First Generation College Symposium kicks off District 211’s month of college events

Sourojit Mazumder, News Editor

The COVID-19 pandemic has upended much of our lives these past 18 months, and for many high school seniors, one thing that has changed is the one they may have already dreaded the most: college applications. Yet for many students, even during a pre-pandemic year, it can be intimidating to understand the many intricacies of the American college application system. 

During the month of September, Township High School District 211 offered several college-related programs and seminars to inform and advise students along with their parents about the extensive college application process. One of the more unique events, the First Generation College Symposium, was hosted virtually on Sept. 16. The symposium, traditionally held in person at Palatine High School, was aimed to educate and inform families whose student(s) will be the first to attend college after high school. Speakers at the symposium included representatives from a number of two- and four-year colleges and universities, who discussed topics like the application process and financial aid.

Fremd High School Counselor Priscilla Torres, an organizer and speaker at the symposium, discussed some of the hopes the event organizers had regarding the event.

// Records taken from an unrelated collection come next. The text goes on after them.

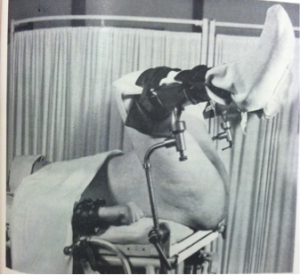 Lithotomy-Then-300x275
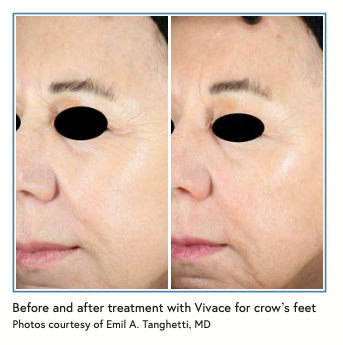 Before and after treatment with Vivace for crow’s feet Photos courtesy of Emil A. Tanghetti, MD
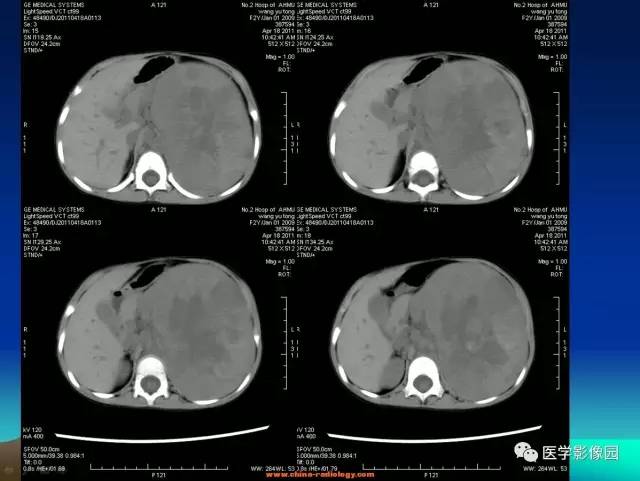 【病例】左肾上腺区神经母细胞瘤1例CT影像表现 【病例】左肾上腺区神经母细胞瘤1例CT影像表现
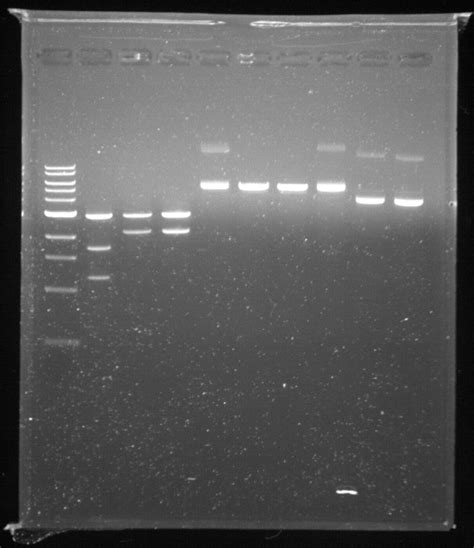 biochemistry - How do I interpret the results of this DNA gel ...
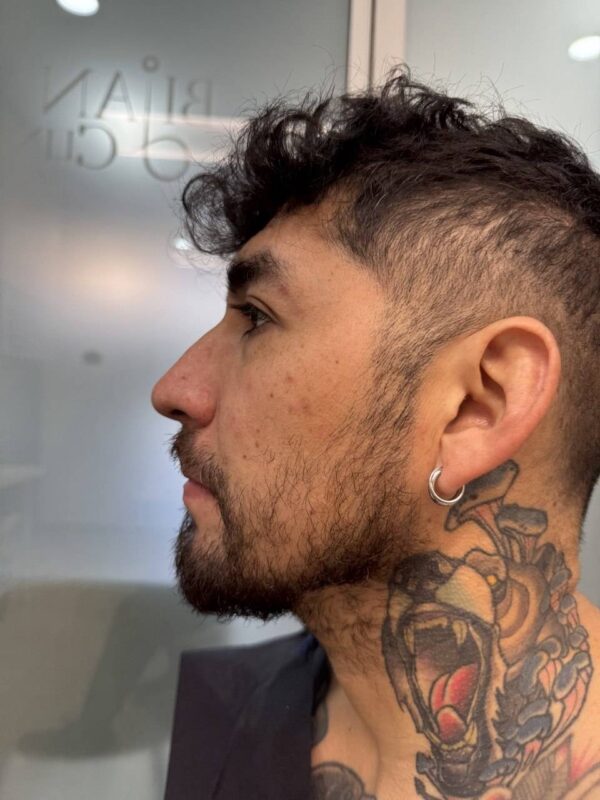 Immediate appearance after beard transplant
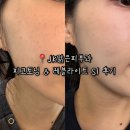 SI메디컬 | 부산 구서동 피코토닝 레블라이트 SI 레이져 기미치료 잘 하는 jk맑은피부과의원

“We want to make sure that we can reach as many students as we can who fall into the first-generation community so that they can start to see college as an option for their future,” Torres said. “For a lot of these kids, it’s not just that their parents didn’t go to college, but they can’t afford to go to college, and so they close that idea off pretty quickly. That’s why financial aid is such a big part of our presentation, so that parents know that their student’s dream of going to college is possible.”

In addition, Torres mentioned how a virtual event this year and last may have benefited students and their families in some ways that an in-person symposium couldn’t.

“Both formats [in-person and virtual] have their pros and cons, but I think it was great that for the past two years, families have had access to presentation materials and recordings of the Q&A sessions that they wouldn’t have had before the pandemic,” Torres said.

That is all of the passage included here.